The offensive language is notably absent in the MSN Web Site Terms of Use (http://www.hotmail.msn.com/cgi-bin/dasp/hminfo_sh ell.asp?content=tos&_lang=EN), which govern the use of various MS properties including Hotmail. While I have not seen the Hailstorm terms of use, I would be surprised if MS attempts to alientate its early adopters by including the overreaching language that's in the Passport terms.

In short, I think there's a strong argument against the position that MS owns everything that touches Passport. If MS were to attempt to assert ownership, they would have a dificult road trying to prove to a judge that ownership ever passed from the author to them, since it appears to me that the Passport terms don't do it.

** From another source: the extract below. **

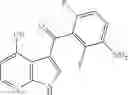 Fig. 84 - SOLID FORMS OF SULFONAMIDES AND AMINO ACIDS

At least that's my argument ;)

See http://www.passport.com/Business/SingleSignInOverv iew.asp?PPlcid=1033 for a high level overview, or http://www.passport.com/DevInfo/Start_Goals.asp?f= 0 for implementation details (requires Passport)

See http://www.passport.com/Business/SingleSignInOverv iew.asp?PPlcid=1033 for a high level overview, or http://www.passport.com/DevInfo/Start_Goals.asp?f= 0 for implementation details (requires Passport)

I just finished reading the orignal posting, and find it very disturbing. I am aware that Hotmail has it's own Terms of Use, and many people has pointed that fact out, but in a quick search I found this line in the Terms of Use for Hotmail. "Some MSN Sites/Services automatically provide you with a Microsoft Passport account when you open an account (e.g. Hotmail, MSN Explorer), to learn more about what a Microsoft Passport is please visit the Passport web site at www.passport.com " I belive this answers the orignal posters question as to weather or not Hotmail is affected, but how does it affect Explorer? How can a Online portal's TOS affect a application? Since I am not a M$ Guru, I am only assumeing that Explorer is refering to the application.

So let's say I'm discussing something techie via e-mail or a discussion forum using the Passport site and by way of example I include a snippet of GPL'd code. My reading of MS's Passport terms tells me that they now have the right to use that snippet of GPL code, create derivative products, etc. Doesn't that collide with the GPL? Sounds like a lawyer's wet dream...

It does not collide with the GPL, because the GPL is the license under which you release your (implicitly) copyrighted work.

The Passport Terms of Service is an attempt to re-hack the copyright issue in their favor by saying that, when you use their service, you are agreeing to give them a free (an is no-compenstation) unlimited license to do whatever they want with any copyrighted material that passes through any Passport-"affiliated" service. (Note the section labeled "License to Microsoft" to see what I mean.)

So in essence, your code could be considered to be under two licenses; the GPL and the MS-specific "AYBABTU" license. (Hey, I like that name...)

Dual-licensing is possible -- IIRC, Mozilla is offered under both the MPL and the GPL now. And I believe Troll Tech still offers Qt under the GPL and the QPL.

Jay (=

heehee - Konqueror has no trouble, assuming this is the page in quo. IIRC that's yet another old Netscape stylesheet bug, where a missing sheet makes an awful mess instead of just being ignored.